What do you know about DNS
Do you know how DNS works?
The other day it turned out that one stupid colleague does not understand how DNS works at all. Moreover, he doesn't want to understand. He used to apply the Bind package when he was a sysadmin. In fairness, he's easier to pity. At first I tried to argue and prove something, but then I realized that "A nod’s as good as a wink to a blind horse".
Bind is both authoritarian and recursive DNS server.
Unfortunately, therefore, many people do not understand that there are two completely different tasks: - One for zone maintenance. - The second is recursive name resolution.
About TCP and UDP:
Most DNS RFC1034 transactions take place over UDP RFC0768. TCP RFC0793 is always used for zone transfers and is often used for messages whose sizes exceed the DNS protocol's original 512-byte limit.
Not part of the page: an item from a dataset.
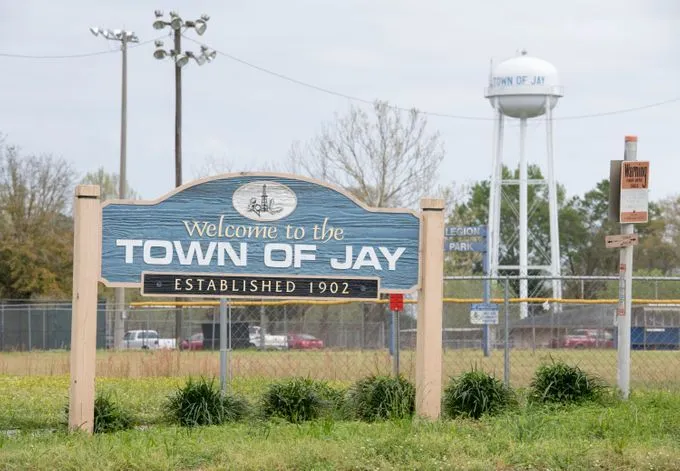 Welcome to the Town of Jay sign and municipal water tower in Jay, Florida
About authoritative server:
Authoritative server implementations MUST support TCP so that they do not limit the size of responses to what fits in a single UDP packet.
About recursive server:
Recursive server (or forwarder) implementations MUST support TCP so that they do not prevent large responses from a TCP-capable server from reaching its TCP-capable clients.
About stub resolver (for small installation):
Stub resolver implementations (e.g., an operating system's DNS resolution library) MUST support TCP since to do otherwise would limit their interoperability with their own clients and with upstream servers. Stub resolver implementations MAY omit support for TCP when specifically designed for deployment in restricted environments where truncation can never occur or where truncated DNS responses are acceptable.
A resolver SHOULD send a UDP query first, but MAY elect to send a TCP query instead if it has good reason to expect the response would be truncated if it were sent over UDP (with or without EDNS0) or for other operational reasons, in particular, if it already has an open TCP connection to the server.